Somewhere during that time I started having "electrical shocks" around and behind my left eye. My ophthalmologist said he couldn't do anything about the electrical shocks and said it wasn't a problem with my eye. He referred me to a neurologist for trigeminal neuralgia affecting the branch of the trigeminal nerve that innervates the eye. The eye depends on innervation to function properly so that caused some problems.
Eventually the trigeminal neuralgia pain got so severe I couldn't stand it any longer. It seemed to be better when I took higher doses of prednisone but glaucoma developed because of too much prednisone. Glaucoma and high blood pressure from prednisone was causing a lot of problems.
My surgery for trigeminal neuralgia severed the sensory part of my trigeminal nerve. There was a large vein tangled up with my nerve that was compressing my trigeminal nerve. The surgeon said he had to "spare the vein" but "sacrificed the nerve". In any case, now my eye is completely numb along with the entire left side of my face. The motor nerve is still intact so I can still smile about it. However the facial numbness and tingling is very uncomfortable.
Having a "numb eye" made my eye worse but at least it wasn't painful anymore. Now the problem I have is Neurotrophic Keratopathy (NK). I will spare you the details but the following link gives you the general idea.

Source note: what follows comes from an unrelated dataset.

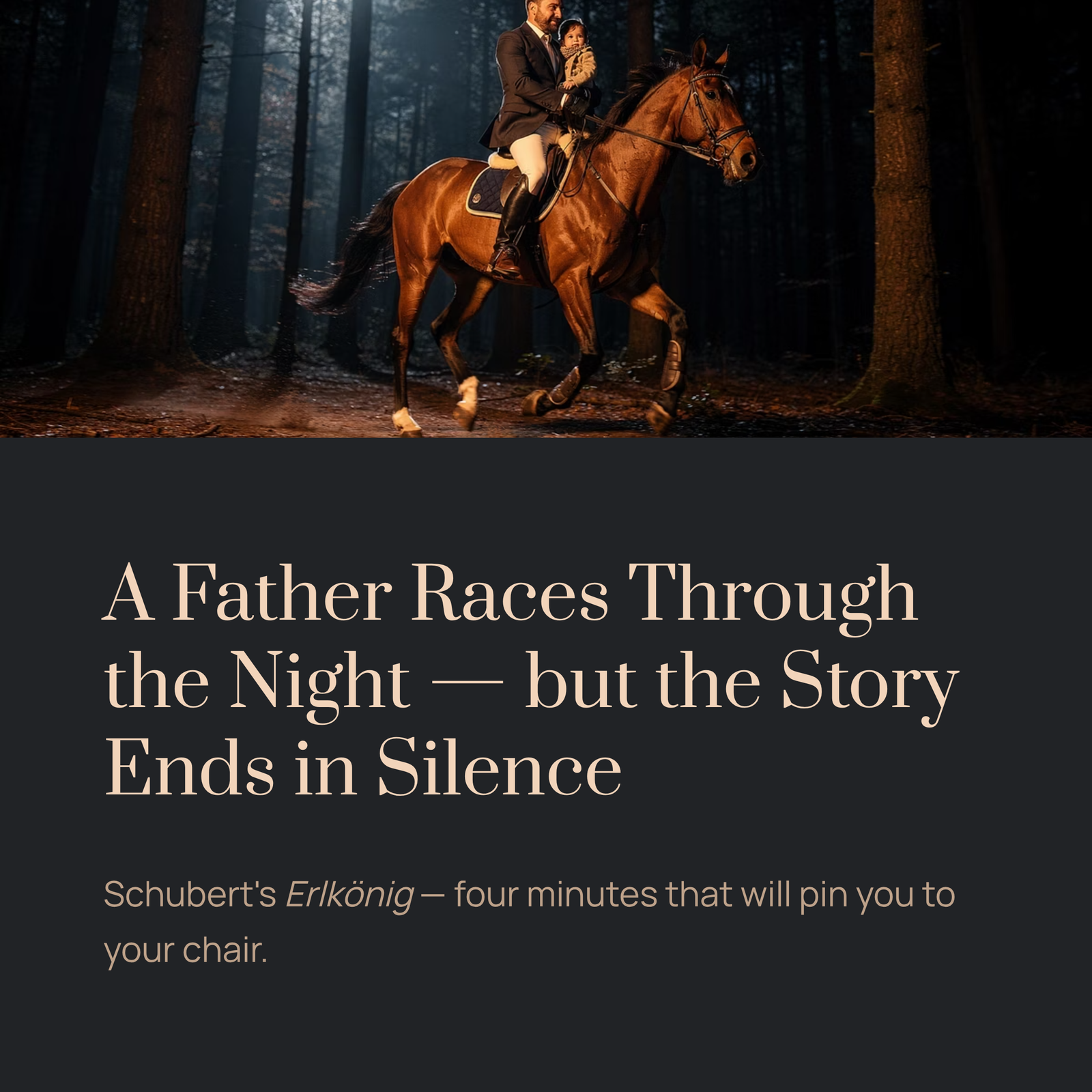 You are currently viewing A Father Races Through the Night, but the Story Ends in Silence | Schubert – Erlkönig, D.328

https://journals.lww.com/claojournal/Abstract/2001/27020/Neurotrophic_Keratopathy.9.aspx
My ophthalmologist is concerned about corneal defects and the potential for a corneal meltdown. He says that wouldn't be good.
I get traumatic forms of uveitis now as compared with autoimmune uveitis. The autoimmune kind of uveitis is treated with prednisone but the traumatic kind is not. Prednisone would increase the risk of an eye infection when my eye is traumatized and that would be the end of my eye.
I have PMR but not GCA ... thank God!